Perfetta per il Salone 2016, dove uno dei temi è la visionarietà, la 29enne Viola Di Grado, adorata dal New York Times e già tradotta in otto Paesi, sarà a Torino per presentare il suo nuovo romanzo Bambini di ferro (La nave di Teseo): la storia, ambientata in Giappone, della piccola orfana Sumiko e della sua tutrice Yuki, anche lei cresciuta in istituto, entrambe accudite da madri-robot che fanno del loro meglio per sostituire quelle biologiche.

In questa storia la maternità surrogata non funziona troppo.

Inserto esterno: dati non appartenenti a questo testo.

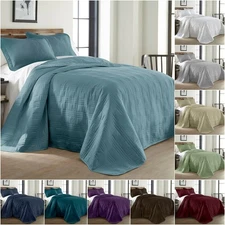 Chezmoi Collection 3-piece Oversized Quilt Bedspread Coverlet Set (15 Colors)
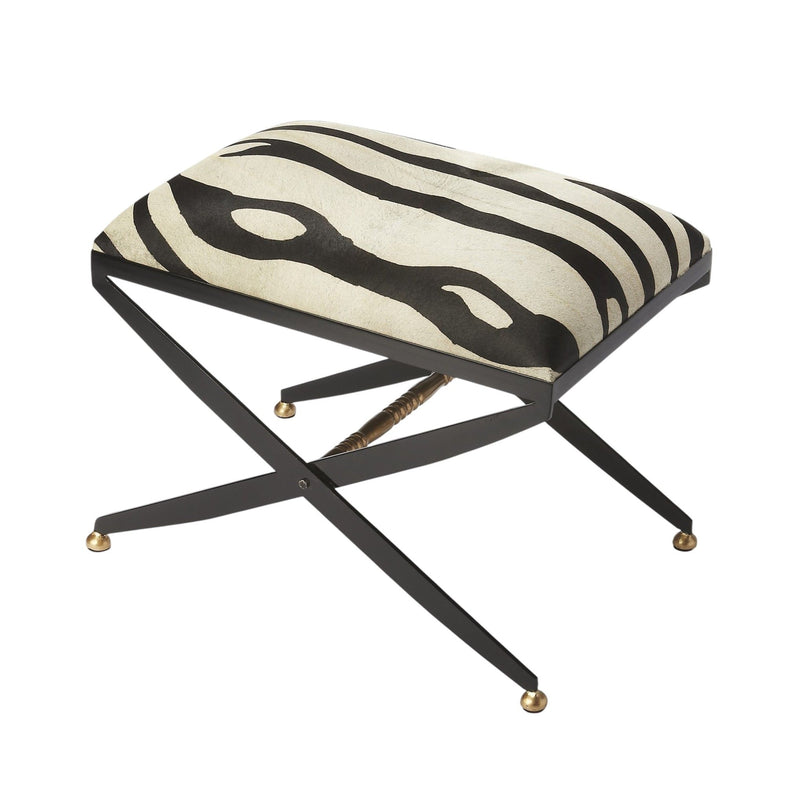 Cotton Blend And Black Ottoman - Black / White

Per quanto sofisticate, le madri-robot sono imperfette in partenza, hanno gesti d'affetto calibrati come equazioni, il loro amore verso i bambini funziona solo se segue pedissequo la forma di un rituale.

E i «bambini di ferro» del titolo, chi sono?

In Giappone li chiamano issendai, desideranti: hanno menti troppo bisognose, come Yuki. Per il fatto stesso di avere bisogno – di affetto, relazioni, spiegazioni – non possono essere salvati.

Com'è il suo rapporto con la cultura orientale?

Sono laureata in cinese e giapponese, non mi sento troppo occidentale. Mi affascinano molte cose del Giappone: ho visto monaci androidi accogliere pellegrini, robot che aiutano i bambini autistici. Certo, i confini dell'etica sono un po' diversi dai nostri.

Tornerebbe a viverci?

Non saprei, mi piace spostarmi: muovendomi posso raccontare molti mondi. Sono stata a Londra finché non ho cominciato a pensare in inglese, ora vivo a Bologna ma mi pare di averla ormai consumata, dunque dovrò andarmene, forse in Islanda. La scrittura per me è vitale, mi salva dalla noia di essere solo me stessa.